*Dataset records*.
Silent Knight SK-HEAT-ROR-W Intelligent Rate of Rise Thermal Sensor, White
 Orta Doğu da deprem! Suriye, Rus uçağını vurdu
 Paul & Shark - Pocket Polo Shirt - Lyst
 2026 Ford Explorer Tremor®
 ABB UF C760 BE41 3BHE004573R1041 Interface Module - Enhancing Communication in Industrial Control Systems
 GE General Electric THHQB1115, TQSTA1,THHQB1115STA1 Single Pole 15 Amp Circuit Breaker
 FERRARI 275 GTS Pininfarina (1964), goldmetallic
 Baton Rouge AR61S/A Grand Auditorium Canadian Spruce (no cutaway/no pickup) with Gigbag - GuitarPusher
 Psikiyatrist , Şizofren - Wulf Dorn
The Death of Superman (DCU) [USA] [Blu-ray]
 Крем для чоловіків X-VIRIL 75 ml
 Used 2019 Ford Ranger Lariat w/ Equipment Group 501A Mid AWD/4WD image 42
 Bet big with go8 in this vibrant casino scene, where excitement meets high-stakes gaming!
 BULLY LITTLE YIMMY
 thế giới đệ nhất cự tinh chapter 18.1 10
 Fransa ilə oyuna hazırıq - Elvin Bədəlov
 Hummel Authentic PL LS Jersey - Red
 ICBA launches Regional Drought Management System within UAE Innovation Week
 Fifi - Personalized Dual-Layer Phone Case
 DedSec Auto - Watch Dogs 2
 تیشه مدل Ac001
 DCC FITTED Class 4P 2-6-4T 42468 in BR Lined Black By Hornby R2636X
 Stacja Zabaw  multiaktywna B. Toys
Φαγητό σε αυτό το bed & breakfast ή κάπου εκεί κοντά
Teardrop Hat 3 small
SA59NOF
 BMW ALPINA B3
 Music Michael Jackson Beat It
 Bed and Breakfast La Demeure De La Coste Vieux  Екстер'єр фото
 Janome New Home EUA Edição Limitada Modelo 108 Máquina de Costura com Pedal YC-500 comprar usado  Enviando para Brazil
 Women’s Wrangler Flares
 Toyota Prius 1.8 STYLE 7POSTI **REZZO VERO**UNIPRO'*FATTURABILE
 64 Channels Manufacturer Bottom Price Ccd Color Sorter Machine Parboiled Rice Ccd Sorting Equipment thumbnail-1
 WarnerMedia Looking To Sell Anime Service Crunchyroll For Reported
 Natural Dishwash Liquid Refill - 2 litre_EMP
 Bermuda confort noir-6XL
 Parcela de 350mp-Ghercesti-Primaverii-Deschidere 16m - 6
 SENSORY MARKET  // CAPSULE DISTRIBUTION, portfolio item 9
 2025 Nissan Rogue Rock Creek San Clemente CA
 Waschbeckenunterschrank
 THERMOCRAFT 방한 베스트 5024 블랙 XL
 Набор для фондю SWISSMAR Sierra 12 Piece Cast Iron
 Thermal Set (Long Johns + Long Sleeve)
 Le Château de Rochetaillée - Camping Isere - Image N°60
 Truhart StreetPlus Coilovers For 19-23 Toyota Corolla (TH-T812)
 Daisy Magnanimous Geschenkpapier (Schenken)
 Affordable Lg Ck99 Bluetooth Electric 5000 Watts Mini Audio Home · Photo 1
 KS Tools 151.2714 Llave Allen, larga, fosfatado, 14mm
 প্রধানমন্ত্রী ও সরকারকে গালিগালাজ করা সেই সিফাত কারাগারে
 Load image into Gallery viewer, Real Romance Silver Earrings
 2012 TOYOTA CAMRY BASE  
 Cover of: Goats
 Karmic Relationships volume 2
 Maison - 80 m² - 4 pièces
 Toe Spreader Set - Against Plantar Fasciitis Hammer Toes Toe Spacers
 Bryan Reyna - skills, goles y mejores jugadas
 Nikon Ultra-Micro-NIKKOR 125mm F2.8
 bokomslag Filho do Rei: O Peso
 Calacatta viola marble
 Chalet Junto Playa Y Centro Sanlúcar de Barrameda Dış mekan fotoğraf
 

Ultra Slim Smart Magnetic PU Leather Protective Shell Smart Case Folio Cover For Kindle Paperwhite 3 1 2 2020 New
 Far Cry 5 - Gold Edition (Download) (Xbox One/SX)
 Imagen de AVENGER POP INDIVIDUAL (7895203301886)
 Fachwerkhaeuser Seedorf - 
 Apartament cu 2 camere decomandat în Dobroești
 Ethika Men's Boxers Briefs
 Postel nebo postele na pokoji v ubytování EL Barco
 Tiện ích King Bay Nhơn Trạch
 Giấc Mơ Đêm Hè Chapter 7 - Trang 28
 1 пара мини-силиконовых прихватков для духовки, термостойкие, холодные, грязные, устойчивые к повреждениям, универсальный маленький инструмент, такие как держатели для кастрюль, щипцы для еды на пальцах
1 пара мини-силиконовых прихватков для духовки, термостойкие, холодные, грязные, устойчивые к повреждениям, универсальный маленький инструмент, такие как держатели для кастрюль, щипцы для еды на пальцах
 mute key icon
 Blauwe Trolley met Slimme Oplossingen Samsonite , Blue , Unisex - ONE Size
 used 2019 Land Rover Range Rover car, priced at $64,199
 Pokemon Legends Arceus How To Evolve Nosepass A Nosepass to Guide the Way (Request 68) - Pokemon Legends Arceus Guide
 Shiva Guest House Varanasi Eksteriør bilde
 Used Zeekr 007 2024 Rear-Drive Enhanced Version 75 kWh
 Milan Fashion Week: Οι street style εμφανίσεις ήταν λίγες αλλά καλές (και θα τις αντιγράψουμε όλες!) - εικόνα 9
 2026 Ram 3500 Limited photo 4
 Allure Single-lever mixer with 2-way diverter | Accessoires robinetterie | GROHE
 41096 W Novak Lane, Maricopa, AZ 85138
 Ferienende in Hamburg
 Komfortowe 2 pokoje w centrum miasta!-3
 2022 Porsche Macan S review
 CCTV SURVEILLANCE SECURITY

*What you need to do*. Repeat exactly the lines of the listing above, from the one with "تیشه مدل Ac001" down to the one with "Chalet Junto Playa"; both of those lines belong in the range.

*Output of the task*.
 تیشه مدل Ac001
 DCC FITTED Class 4P 2-6-4T 42468 in BR Lined Black By Hornby R2636X
 Stacja Zabaw  multiaktywna B. Toys
Φαγητό σε αυτό το bed & breakfast ή κάπου εκεί κοντά
Teardrop Hat 3 small
SA59NOF
 BMW ALPINA B3
 Music Michael Jackson Beat It
 Bed and Breakfast La Demeure De La Coste Vieux  Екстер'єр фото
 Janome New Home EUA Edição Limitada Modelo 108 Máquina de Costura com Pedal YC-500 comprar usado  Enviando para Brazil
 Women’s Wrangler Flares
 Toyota Prius 1.8 STYLE 7POSTI **REZZO VERO**UNIPRO'*FATTURABILE
 64 Channels Manufacturer Bottom Price Ccd Color Sorter Machine Parboiled Rice Ccd Sorting Equipment thumbnail-1
 WarnerMedia Looking To Sell Anime Service Crunchyroll For Reported
 Natural Dishwash Liquid Refill - 2 litre_EMP
 Bermuda confort noir-6XL
 Parcela de 350mp-Ghercesti-Primaverii-Deschidere 16m - 6
 SENSORY MARKET  // CAPSULE DISTRIBUTION, portfolio item 9
 2025 Nissan Rogue Rock Creek San Clemente CA
 Waschbeckenunterschrank
 THERMOCRAFT 방한 베스트 5024 블랙 XL
 Набор для фондю SWISSMAR Sierra 12 Piece Cast Iron
 Thermal Set (Long Johns + Long Sleeve)
 Le Château de Rochetaillée - Camping Isere - Image N°60
 Truhart StreetPlus Coilovers For 19-23 Toyota Corolla (TH-T812)
 Daisy Magnanimous Geschenkpapier (Schenken)
 Affordable Lg Ck99 Bluetooth Electric 5000 Watts Mini Audio Home · Photo 1
 KS Tools 151.2714 Llave Allen, larga, fosfatado, 14mm
 প্রধানমন্ত্রী ও সরকারকে গালিগালাজ করা সেই সিফাত কারাগারে
 Load image into Gallery viewer, Real Romance Silver Earrings
 2012 TOYOTA CAMRY BASE  
 Cover of: Goats
 Karmic Relationships volume 2
 Maison - 80 m² - 4 pièces
 Toe Spreader Set - Against Plantar Fasciitis Hammer Toes Toe Spacers
 Bryan Reyna - skills, goles y mejores jugadas
 Nikon Ultra-Micro-NIKKOR 125mm F2.8
 bokomslag Filho do Rei: O Peso
 Calacatta viola marble
 Chalet Junto Playa Y Centro Sanlúcar de Barrameda Dış mekan fotoğraf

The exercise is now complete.